I take a little different approach to using locator calls than what some of the others have said. I use them a lot. I would agree with starting a bit on the quiet side, especially with crow calls during daylight hours. No need to blow them off the side of the mountain if they are close. I like to use locator calls rather than turkey sounds for location purposes as you have not given your location away by using them. Once you use turkey calls, they have you pinpointed and movement becomes a bit sketchy. I have killed plenty of turkeys by using the locator to close distance and get setup in a good location before going to turkey sounds. In times of desperation though, I do go to loud yelping and cutting. Sometimes you will get burned on this approach as they will respond with the shock quality gobbling but are otherwise unresponsive to turkey calls once you have gotten set up. Typically, this happens when they are with hens. They might gobble going away as they are following hens that move away at yelping. Oh well. 
I generally use the typical locators such as owl, coyote, and crow. Have also used hawk and goose calls. Owl and coyote only in the early hours when locating from a distance and in the evening when roosting birds. I never use the coyote call once they are off the roost.

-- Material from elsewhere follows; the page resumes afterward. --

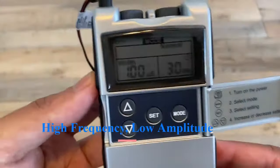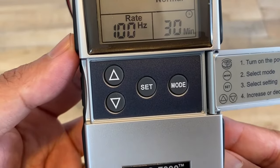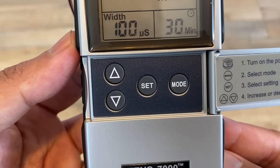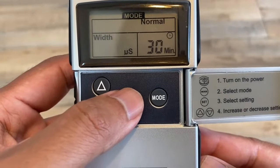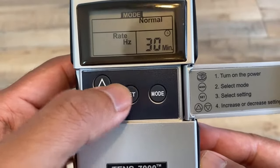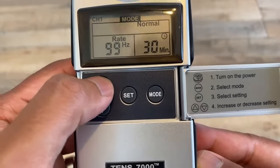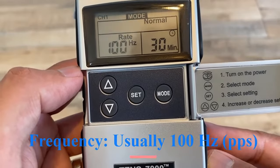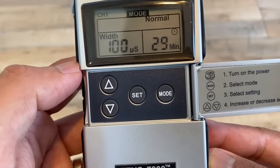If you look at the parameters, the rate is 100 hertz and the width is 100 microseconds. If you wanted to change that, just hit 'set' and you'll see it flash — then you can toggle it down or up. Hit 'set' again to change the rate from 100. Note that hertz is synonymous with pulses per second; on some machines you may see pulses per second, but most likely you'll see hertz — they are the same.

Do yourself a favor and invest in some high quality custom calls rather than the store bought plastic stuff. You will be surprised at the difference in success. Until I bought a custom owl call I had never had a single response to the piece of junk plastic owl call I used before. As always, be flexible and versatile to improve your results. I use a couple of unconventional ways of blowing the crow call that improve my success when the standard approach doesn't seem to be working.


----------